> **Task to complete**
Go through the material and return every line that contains the string "Youth".

════

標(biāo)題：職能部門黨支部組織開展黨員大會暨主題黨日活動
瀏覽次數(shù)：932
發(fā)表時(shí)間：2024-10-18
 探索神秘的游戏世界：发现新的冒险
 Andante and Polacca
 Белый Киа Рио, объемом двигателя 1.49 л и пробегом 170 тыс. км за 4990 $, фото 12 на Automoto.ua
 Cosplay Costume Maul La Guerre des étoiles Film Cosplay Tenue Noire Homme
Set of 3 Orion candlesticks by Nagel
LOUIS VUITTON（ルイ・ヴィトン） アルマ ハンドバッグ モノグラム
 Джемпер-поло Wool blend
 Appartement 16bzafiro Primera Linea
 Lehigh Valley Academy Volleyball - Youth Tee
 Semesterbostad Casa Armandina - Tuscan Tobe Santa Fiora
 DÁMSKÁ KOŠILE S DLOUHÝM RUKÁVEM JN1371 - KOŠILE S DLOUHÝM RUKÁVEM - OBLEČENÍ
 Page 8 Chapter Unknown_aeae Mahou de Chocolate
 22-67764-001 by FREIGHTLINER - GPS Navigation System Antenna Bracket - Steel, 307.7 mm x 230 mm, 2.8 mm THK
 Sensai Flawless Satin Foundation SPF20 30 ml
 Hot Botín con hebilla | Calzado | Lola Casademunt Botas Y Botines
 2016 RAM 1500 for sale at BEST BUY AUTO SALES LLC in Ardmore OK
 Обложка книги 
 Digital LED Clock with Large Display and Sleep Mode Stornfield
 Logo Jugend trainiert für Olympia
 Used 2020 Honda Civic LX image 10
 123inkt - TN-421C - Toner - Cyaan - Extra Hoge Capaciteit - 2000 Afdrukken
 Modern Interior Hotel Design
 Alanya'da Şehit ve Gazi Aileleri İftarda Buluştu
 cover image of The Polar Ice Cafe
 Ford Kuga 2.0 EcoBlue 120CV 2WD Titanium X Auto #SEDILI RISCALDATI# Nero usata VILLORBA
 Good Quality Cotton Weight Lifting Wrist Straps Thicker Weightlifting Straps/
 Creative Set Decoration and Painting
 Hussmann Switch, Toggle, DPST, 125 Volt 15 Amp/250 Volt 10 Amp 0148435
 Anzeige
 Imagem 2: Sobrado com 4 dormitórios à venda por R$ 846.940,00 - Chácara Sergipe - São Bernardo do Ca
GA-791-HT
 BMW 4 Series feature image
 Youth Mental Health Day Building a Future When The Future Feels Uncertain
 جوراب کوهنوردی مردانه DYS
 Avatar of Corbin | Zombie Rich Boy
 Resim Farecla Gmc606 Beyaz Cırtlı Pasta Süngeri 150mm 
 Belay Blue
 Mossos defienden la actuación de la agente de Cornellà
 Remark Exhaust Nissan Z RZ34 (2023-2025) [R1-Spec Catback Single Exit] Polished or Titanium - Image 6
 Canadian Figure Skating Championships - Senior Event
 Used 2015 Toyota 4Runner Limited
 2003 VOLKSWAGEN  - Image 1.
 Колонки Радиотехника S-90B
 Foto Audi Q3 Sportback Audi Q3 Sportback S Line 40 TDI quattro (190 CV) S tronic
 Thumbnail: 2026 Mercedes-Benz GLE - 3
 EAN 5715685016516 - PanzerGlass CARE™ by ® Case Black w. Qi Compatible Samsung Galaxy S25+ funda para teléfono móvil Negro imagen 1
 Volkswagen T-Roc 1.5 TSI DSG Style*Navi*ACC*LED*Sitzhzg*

════

> **Exercise answer**
 Lehigh Valley Academy Volleyball - Youth Tee
 Youth Mental Health Day Building a Future When The Future Feels Uncertain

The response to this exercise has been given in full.